Говорящий «может использовать одну основу типа I без суффикса, тем самым устанавливая общеизвестный факт. Но если он пытается высказаться более подробно и определить временные границы или отношение к субъекту, то вынужден мгновенно подключить именно такой собственный индивидуальный опыт, который является значимым для данного утверждения» (ibid., p. 90). Для этой цели существует пять суффиксов, обозначающих: 1) что говорящий знает о состоянии или событии по слухам; 2) что говорящий знает о состоянии или событии, так как либо видел это сам, либо имеет неопровержимое о том свидетельство; 3) что говорящий знает о состоянии или событии скорее на уровне ощущений, а не из визуальных впечатлений (например, с помощью обоняния, слуха, интуиции и т. д.); 4) что говорящий делает вывод о состоянии или событии по косвенным признакам (например, Койот, который видит, что следы Колибри неожиданно обрываются и что долина к югу покрыта яркими цветами, приходит к заключению, что Колибри, должно быть, отправилась на юг); 5) что говорящий судит о состоянии или событии на основании прежних сведений, полученных не из слухов, не по визуальным или другим чувственным данным (например, человек, который знает, что прикованный к постели отец его жены долгое время оставался в одиночестве, умозаключает: «мой тесть – голоден»).

«Смысловые оттенки, придаваемые суффиксами, соотносятся с субъективными внутренними отличительными признаками говорящего, а не с грамматическим субъектом. Другие аффиксы, добавляемые к основе, и стоящие перед любыми личными или временными суффиксами, по всей вероятности, обозначают различия в отношении к части грамматического субъекта» (ibid., p. 92). Вот три из них: 1) означающий намерение или цель, 2) указывающий на желание или усилие, и 3) обозначающий приближение некого опыта, не совсем связанного с прошлым, настоящим или будущим» (ibid., p. 93).

Основы типа II обозначают состояния или события, которые существуют или имеют место «независимо от действия субъекта», и когда говорящий, «высказываясь об этом… отстаивает несомненную истинность, которая выше опыта» (ibid., p. 89). В утверждениях, относящихся к этой категории, «внимание концентрируется на событии и сопутствующих явлениях, а не на исполнителе. Глагол, с точки зрения участия, не является специализированным. Редко употребляются какие-либо личные суффиксы, и говорящий никогда не ссылается на себя. Сам он тут не властен. Он говорит о неизвестном и, высказывая суждение, утверждает истину, которая не основана ни на опыте, ни на сомнении или доказательстве» (ibid., p. 95).

Основы типа II используются для образования таких форм глагола, как пассив, медио-пассив, для формирования повелительного наклонения, а также для того, чтобы «сформулировать вопросы, ответы на которые, не зависящие от познаний говорящего или слушателя, будут становиться несбыточными пожеланиями.

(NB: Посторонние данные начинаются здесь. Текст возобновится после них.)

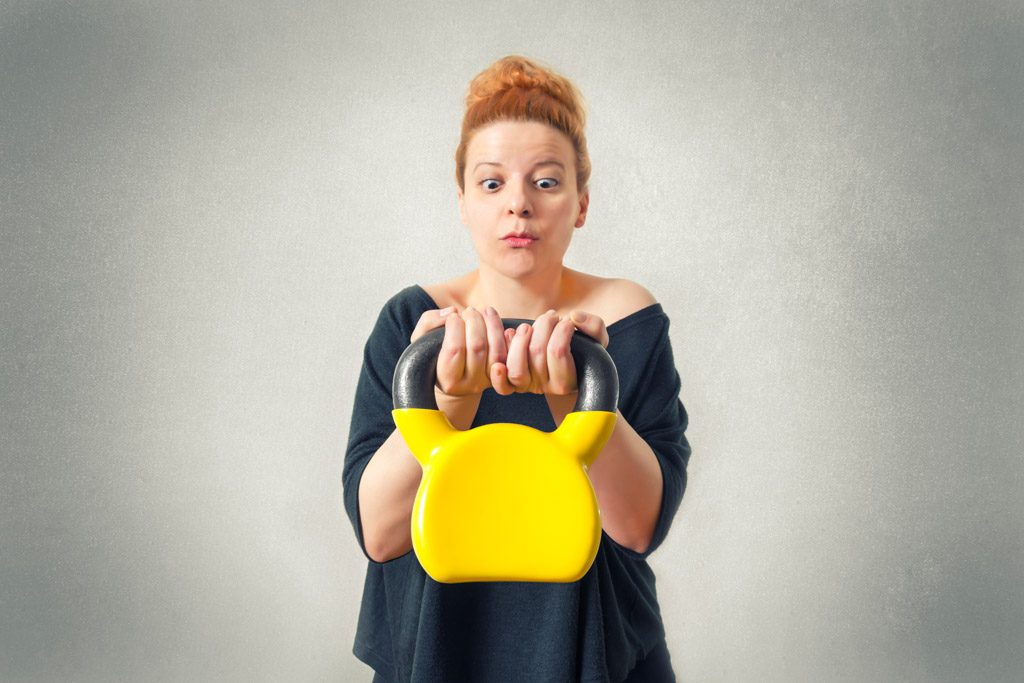A confused woman awkwardly holds a yellow kettlebell in a gym.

Чтобы выразить отрицание, вопрос или удивление, к этой основе прибавляется суффикс неосведомленности» (ibid., p. 94). Кроме того, основы типа II дополняются многозначным суффиксом, который «один используется для выражения будущности, причинности, потенциальной возможности, вероятности, необходимости; а также, чтобы сказать о неизбежном будущем, которое, вероятно, может и должно наступить, и перед лицом которого индивидуум беззащитен» (ibid., p. 95).

Наличие этих различий, по мнению Ли, означает, что «среда обитания, в которой винту может выбирать и действовать, может чувствовать и думать и принимать решения, ограничена». Короче говоря, это мир естественной необходимости, где все потенциально возможные и вероятные явления также неизбежны, где все существующее непостижимо и невыразимо. Винту не знает этот мир, но безоглядно верит в него; такую веру он не предлагает приравнивать к сверхъестественному, которое присутствует в чувственном опыте и может быть передано посредством -nte (я чувствую)» (ibid., p. 102).